He also warned potential applicants not to include too many sites for their proposed KIC. “I imagine the KICs will comprise four or five centres, not 20, with one location at a time acting as the hub,” he said.
In April the EIT will launch a call for proposals for either two or three KICs focusing on three vital areas of research: sustainable energy, climate change and IT. Applicants will have until August to submit their entries and the EIT will announce the winners in December this year.
The aim is to have three KICs but the assessment of applications will be very strict; if none of the applications in one category are up to scratch then the EIT will only run two KICs, Schuurmans said.
Each KIC will “speak with one mouth”, and that person in charge will probably carry the title chief executive, Schuurmans said, adding that there will be competition among the partners within each KIC.
Their make-up will be fluid, he said, with weak performers being replaced by new partners during the 7 to 15 year lifespan of the KICs.
The idea for the EIT is to create an Ivy League of research and education centres around Europe, employing the finest minds to tackle the most pressing problems faced by society today. The plan is for business and academia to work together not only in the lab, but also in converting scientific breakthroughs into commercial reality.
Some from the world of academia are nervous about getting involved in the KICs because they fear it may complicate their efforts to build ties between their institution and industry.
Karin Markides, the rector of Sweden’s Chalmers University of Technology, is one. “By joining a KIC, Chalmers could put these close ties with companies, and the trust they are built on, at risk,” Markides told Science|Business last month.

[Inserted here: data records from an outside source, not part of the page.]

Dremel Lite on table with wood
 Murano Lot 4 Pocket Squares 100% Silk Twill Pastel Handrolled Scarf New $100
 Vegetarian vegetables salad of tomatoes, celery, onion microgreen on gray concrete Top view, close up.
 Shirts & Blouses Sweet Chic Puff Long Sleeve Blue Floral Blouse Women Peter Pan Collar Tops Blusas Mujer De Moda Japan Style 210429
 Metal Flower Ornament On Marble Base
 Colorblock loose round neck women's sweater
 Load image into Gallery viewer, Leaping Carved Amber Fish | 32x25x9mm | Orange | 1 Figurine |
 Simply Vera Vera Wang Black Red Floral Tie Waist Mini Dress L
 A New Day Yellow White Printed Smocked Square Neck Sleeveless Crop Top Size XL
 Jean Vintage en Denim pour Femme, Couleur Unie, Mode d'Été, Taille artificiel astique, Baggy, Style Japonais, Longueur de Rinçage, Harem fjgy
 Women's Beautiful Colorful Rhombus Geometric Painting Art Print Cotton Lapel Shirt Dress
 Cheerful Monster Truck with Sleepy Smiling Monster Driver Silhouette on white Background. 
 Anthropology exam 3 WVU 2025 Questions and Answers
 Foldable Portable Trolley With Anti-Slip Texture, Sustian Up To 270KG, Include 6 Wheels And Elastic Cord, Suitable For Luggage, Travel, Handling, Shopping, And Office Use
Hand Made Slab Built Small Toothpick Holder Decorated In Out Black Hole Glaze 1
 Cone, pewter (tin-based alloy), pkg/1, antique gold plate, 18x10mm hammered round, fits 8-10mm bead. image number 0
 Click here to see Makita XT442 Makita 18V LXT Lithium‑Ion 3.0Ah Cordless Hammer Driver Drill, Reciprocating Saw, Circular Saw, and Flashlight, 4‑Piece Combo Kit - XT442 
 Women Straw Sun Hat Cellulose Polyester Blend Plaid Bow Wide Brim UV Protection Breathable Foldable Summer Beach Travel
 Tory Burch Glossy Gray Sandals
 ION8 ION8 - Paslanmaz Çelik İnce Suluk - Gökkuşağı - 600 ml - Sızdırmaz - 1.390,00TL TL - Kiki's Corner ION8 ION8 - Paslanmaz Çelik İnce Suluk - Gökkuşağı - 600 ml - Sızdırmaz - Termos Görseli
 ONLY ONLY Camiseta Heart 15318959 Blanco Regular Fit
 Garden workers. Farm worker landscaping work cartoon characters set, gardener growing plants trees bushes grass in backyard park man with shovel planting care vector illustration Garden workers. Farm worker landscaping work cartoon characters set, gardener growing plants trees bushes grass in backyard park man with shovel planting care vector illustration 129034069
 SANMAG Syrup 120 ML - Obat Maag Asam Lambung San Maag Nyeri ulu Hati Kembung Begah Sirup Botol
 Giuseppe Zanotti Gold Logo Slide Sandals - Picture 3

Schuurmans tried to reassure her. “I understand her comments, but you don’t have to sacrifice those links with business,” he said, adding that the EIT “will give all the freedom to the KICs regarding relations with industry. We’re not going to tell them what to do”.
Many people from the worlds of business and academia are suspicious of the EIT because it is essentially a political project first mooted by European Commission president José Manuel Barroso.
One participant in the debate on Monday, hosted by the Commission together with Brussels think-tank the European Policy Centre, asked Schuurmans to keep the politics and the bureaucracy to a minimum.
“I'm also fed up with forms from Brussels and from the member states,” he replied, and in a direct criticism of the mixed support the EIT gets from the politicians, he added: “And I’m also fed up with second guessing what some policy makers feel about the EIT. Either support it or don’t.”